'Nonbanks' Face New Federal Scrutiny
Lenders making payday loans, private student loans and mortgages generally operate with less oversight than banks, a factor in some of the more disastrous economic meltdowns that have plagued consumers in recent decades.
That’s about to end. The Consumer Financial Protection Bureau (CFPB) announced today that it is invoking a largely unused legal provision to examine nonbank financial companies that pose risks to consumers.
Using this dormant authority will help protect consumers and level the playing field between banks and nonbanks, the agency said.
“Given the rapid growth of consumer offerings by nonbanks, the CFPB is now utilizing a dormant authority to hold nonbanks to the same standards that banks are held to,” said CFPB Director Rohit Chopra. “This authority gives us critical agility to move as quickly as the market, allowing us to conduct examinations of financial companies posing risks to consumers and stop harm before it spreads.”
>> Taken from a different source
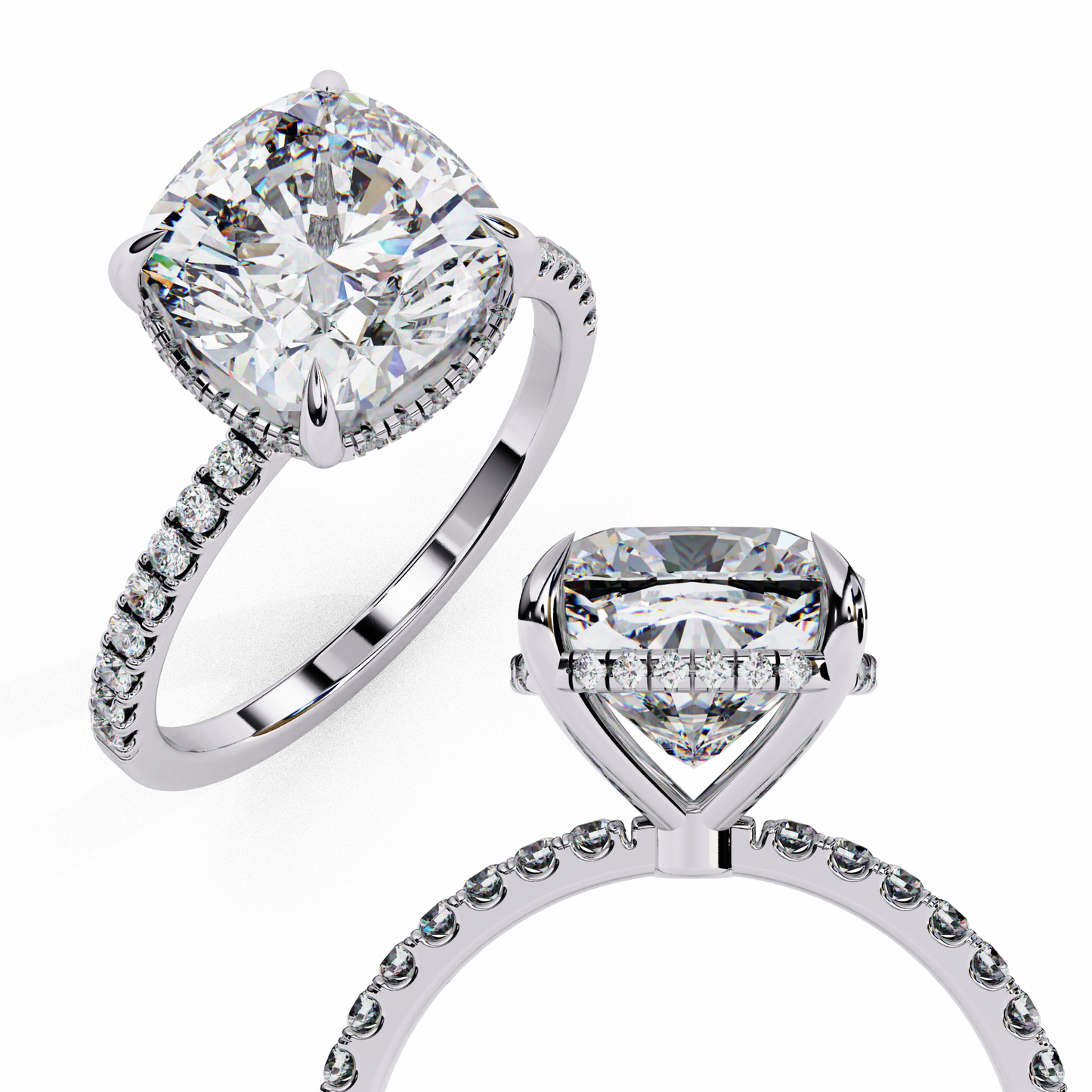 cushion brilliance lab grown diamond solitaire ring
Under the Dodd-Frank Wall Street Reform and Consumer Protection Act of 2010, the CFPB has authority to use traditional law enforcement, including litigation, to stop companies from engaging in conduct that poses a risk to consumers.
The law also gives the CFPB authority to conduct supervisory examinations to review the books and records of regulated entities. Such examinations typically help businesses identify problems and take correction action.
Tighter supervision for nonbanks
For decades before the Dodd-Frank Act, only banks and credit unions were subject to federal supervision. But after the 2008 financial crisis in which nonbank companies played a pivotal role, Congress tasked the CFPB with supervising certain nonbanks, in addition to large depository institutions with more than $10 billion in assets, and their service providers.
Nonbanks don’t have a bank, thrift, or credit union charter; many today operate nationally and brand themselves as “fintechs.”
Congress spelled out several categories of businesses subject to more oversight, including the mortgage, private student loan, and payday loan industries, regardless of size. Another category of supervised entities includes what the law calls “larger participants” in other nonbank markets for consumer financial products and services, including companies engaged in consumer reporting, debt collection, student loan servicing, international remittances, and auto loan servicing.
Besides those categories, the CFPB can also tighten supervision of any nonbanks “whose activities the CFPB has reasonable cause to determine pose risks to consumers,” the agency said.
Such risky conduct may involve potentially unfair, deceptive, or abusive acts or practices, or other actions that potentially violate federal consumer financial law.